▶ _Aim of the task_
Nothing but the lines below from the one containing "99 Russell St, Maryborough QLD 4650" through the one containing "Ispanak Yemeği görseli" should appear in the answer, exact and without pictures.
*** Material shown ***
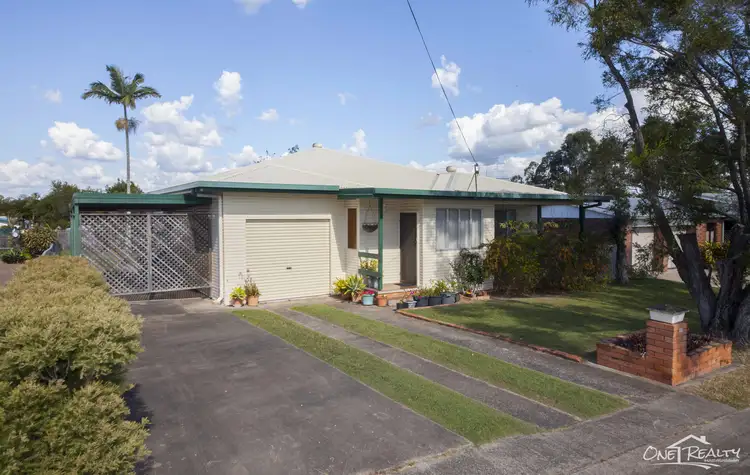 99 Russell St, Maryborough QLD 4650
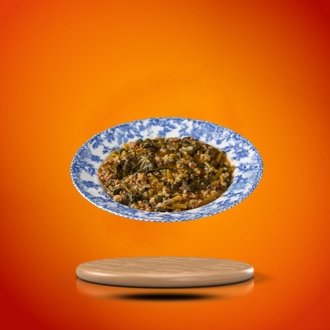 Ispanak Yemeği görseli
*** End of Material shown ***
*** Material shown ***
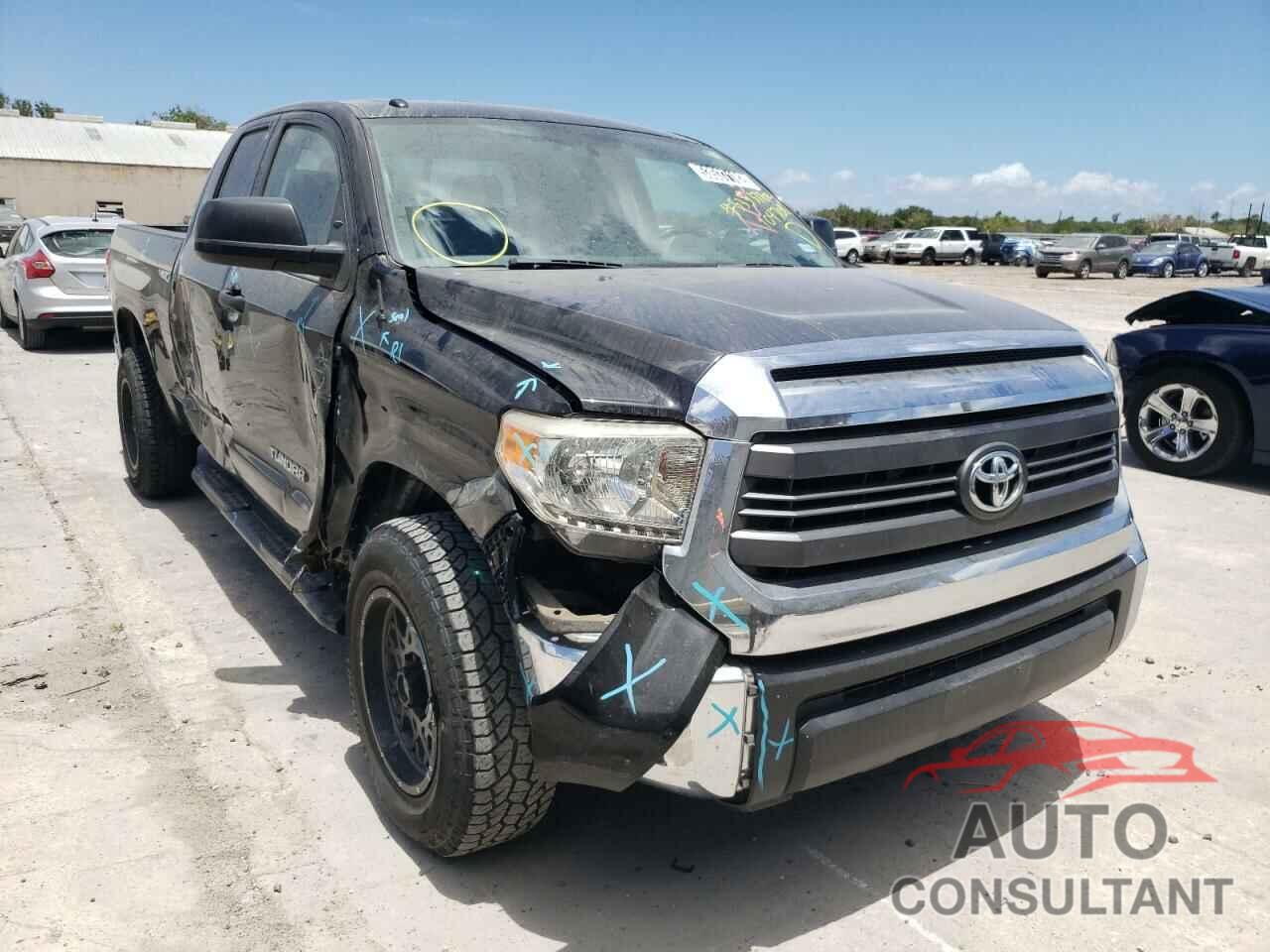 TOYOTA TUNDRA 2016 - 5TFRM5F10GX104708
*** End of Material shown ***
▶ _Problem solution_
 99 Russell St, Maryborough QLD 4650
 Ispanak Yemeği görseli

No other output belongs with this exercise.